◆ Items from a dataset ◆
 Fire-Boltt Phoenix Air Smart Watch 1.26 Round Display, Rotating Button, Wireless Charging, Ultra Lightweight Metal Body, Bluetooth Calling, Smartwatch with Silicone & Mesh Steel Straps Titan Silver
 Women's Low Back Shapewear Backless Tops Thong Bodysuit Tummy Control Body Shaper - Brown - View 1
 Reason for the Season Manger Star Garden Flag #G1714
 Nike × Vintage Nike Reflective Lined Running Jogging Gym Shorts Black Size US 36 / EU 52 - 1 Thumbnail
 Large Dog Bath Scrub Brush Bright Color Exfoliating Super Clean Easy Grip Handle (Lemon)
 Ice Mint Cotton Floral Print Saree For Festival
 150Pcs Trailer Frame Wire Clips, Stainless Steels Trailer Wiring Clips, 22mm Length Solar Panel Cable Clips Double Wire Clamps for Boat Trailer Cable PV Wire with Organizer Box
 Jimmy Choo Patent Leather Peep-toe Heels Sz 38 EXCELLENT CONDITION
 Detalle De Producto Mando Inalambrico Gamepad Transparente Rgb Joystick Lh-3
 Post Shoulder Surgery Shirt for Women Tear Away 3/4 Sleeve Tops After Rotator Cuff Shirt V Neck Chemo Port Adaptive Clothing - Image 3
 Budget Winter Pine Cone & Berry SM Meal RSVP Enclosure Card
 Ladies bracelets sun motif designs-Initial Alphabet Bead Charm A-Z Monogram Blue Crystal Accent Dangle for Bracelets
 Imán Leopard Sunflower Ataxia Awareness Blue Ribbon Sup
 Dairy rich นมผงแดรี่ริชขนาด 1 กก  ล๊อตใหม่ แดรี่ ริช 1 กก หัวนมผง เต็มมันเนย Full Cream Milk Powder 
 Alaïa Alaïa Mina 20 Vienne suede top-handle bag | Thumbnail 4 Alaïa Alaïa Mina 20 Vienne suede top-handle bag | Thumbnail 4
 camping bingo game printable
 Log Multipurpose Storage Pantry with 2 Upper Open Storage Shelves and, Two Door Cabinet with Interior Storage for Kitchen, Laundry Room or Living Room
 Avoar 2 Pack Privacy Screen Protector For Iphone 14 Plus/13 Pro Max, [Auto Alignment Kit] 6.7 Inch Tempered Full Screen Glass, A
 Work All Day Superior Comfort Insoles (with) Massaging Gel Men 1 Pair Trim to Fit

◆ Exercise ◆
Exactly the lines above from the one with "Large Dog Bath" to the one with "Detalle De Producto", both included, are to be quoted; leave the rest out.

◆ Exercise response ◆
 Large Dog Bath Scrub Brush Bright Color Exfoliating Super Clean Easy Grip Handle (Lemon)
 Ice Mint Cotton Floral Print Saree For Festival
 150Pcs Trailer Frame Wire Clips, Stainless Steels Trailer Wiring Clips, 22mm Length Solar Panel Cable Clips Double Wire Clamps for Boat Trailer Cable PV Wire with Organizer Box
 Jimmy Choo Patent Leather Peep-toe Heels Sz 38 EXCELLENT CONDITION
 Detalle De Producto Mando Inalambrico Gamepad Transparente Rgb Joystick Lh-3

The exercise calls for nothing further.